Here, we leveraged genotype and brain expression data provided by the Genotype-Tissue Expression (GTEx) project to elucidate the functional properties and potential roles of eQTL and splicing expression features in the etiology of SCZ. Integrating the GTEx brain eQTLs with the most recent SCZ GWAS data [3], we evaluated specific effects of the identified SCZ risk variants on gene expression features in combination with epigenetics data, and examined how genes of expression features affect genetic networks. Splicing transcripts have long been predicted to play roles in disease development, but the role of splicing in SCZ remains poorly understood. We address this gap by systematically evaluating exon–exon junctions in the human brain. By colocalizing the results from our gene- and junction-level analyses, we identify the functional genomic variants and potential effective splicing transcripts underlying SCZ susceptibility.

Materials and methods

An overview of our workflow can be found in Fig. S1.

RNA-seq of postmortem brain

A total of 1497 human brain samples across 13 brain regions were used in this study (Tables 1 and S1). All of the postmortem brain samples were collected by the GTEx consortium. The sample procurement has been described previously [11]. Raw gene and exon–exon junction reads counts were retrieved from GTEx portal. Gene lengths were calculated using GENCODE v19 annotations [12]. We converted gene counts to RPKM values using the total number of aligned reads across the 22 autosomal chromosomes. Considering a median depth of 84 million reads in the sequencing (Table 1), we converted junction counts to RP80M values using the total number of aligned reads across the autosomal chromosomes, which can be interpreted as the number of reads supporting the junction in an average library size [6].

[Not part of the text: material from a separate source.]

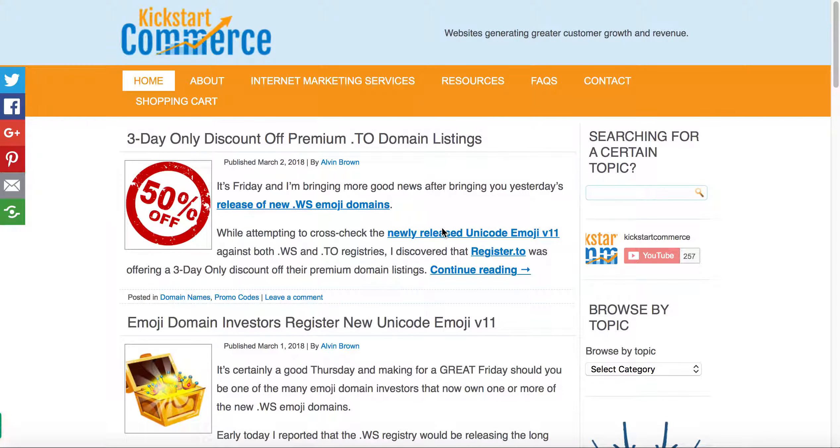Hi, this is Alvin with kickstartcommerce.com. In today's tutorial, I want to share with you how to find newly released Unicode emoji puny code so that you can create or register an emoji domain.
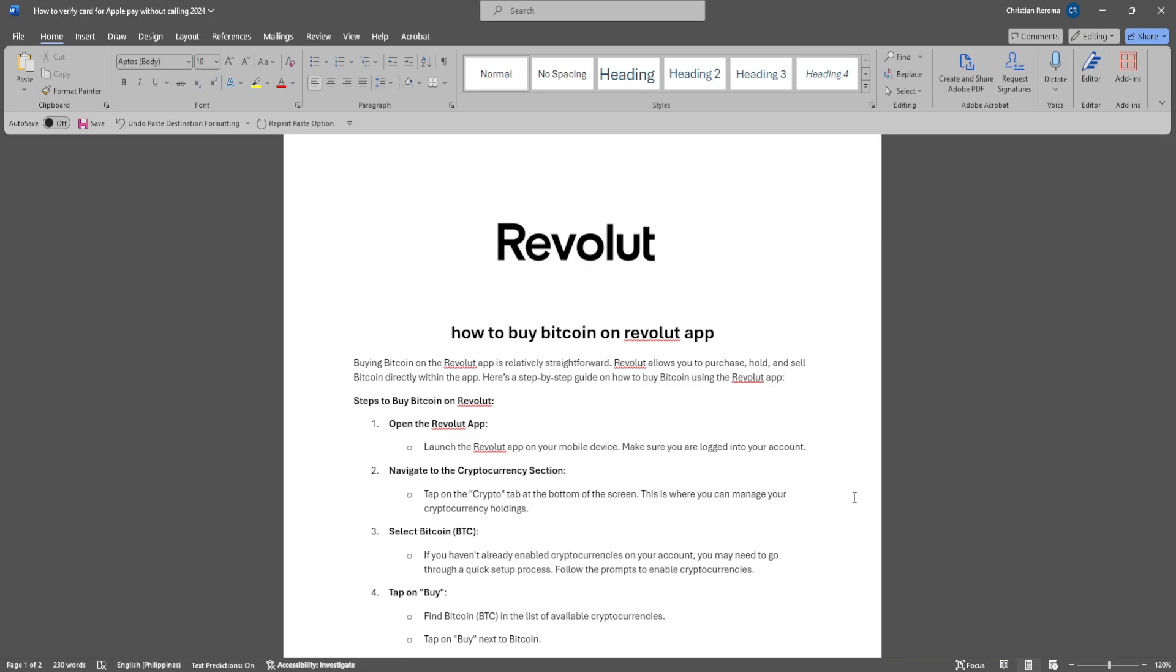Let's get started. Buying Bitcoin on the Revolut app is relatively straightforward. Revolut allows you to purchase, hold, and sell Bitcoin directly within the app.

Table 1 Associations of the splicing junctions with SCZ risk SNPs across the 13 brain regions.

Genotyping data

Whole-genome sequencing (WGS) datasets were retrieved from dbGap upon authentication by the GTEx Consortium (Accession: phs000424.v7.p2). We extracted a total of 42,585,769 genomic variants which were then filtered step-by-step by using PLINK 1.9 [13] if they: (1) had a genotype missing rate > 10% (272,734 variants); (2) had minor allele frequencies < 1% (31,110,395 variants); and (3) deviated from Hardy–Weinberg equilibrium (p value < 1E−5, 791,170 variants). Finally, we retained 10,411,470 variants for further analysis.

cis-acting eQTL analysis

cis-eQTL association was implemented separately by feature type (gene and junction) using Matrix eQTL R package [14] with the additive linear model, treating log2-transformed expression levels of each measurement (RPKM and RP80M) as the outcome. Features without expression (average counts < 0) were excluded before eQTL analysis. To control for potential confounding factors, we adjust for ancestry (first three principle components (PCs) from the genotype data) [15], sex, and the first K PCs of the normalized expression features, where K was calculated separately by feature type using the sva Bioconductor package (gene: 13 PCs, junction: 13 PCs). False discovery rate (FDR) was assessed using the Benjamini–Hochberg algorithm (BH) across all cis-eQTL tests within each chromosome. We considered all variant–gene pairs (expression features to genes, eGene) and variant–junction pairs (eJunction) when the distance between features and SNP is <1MB.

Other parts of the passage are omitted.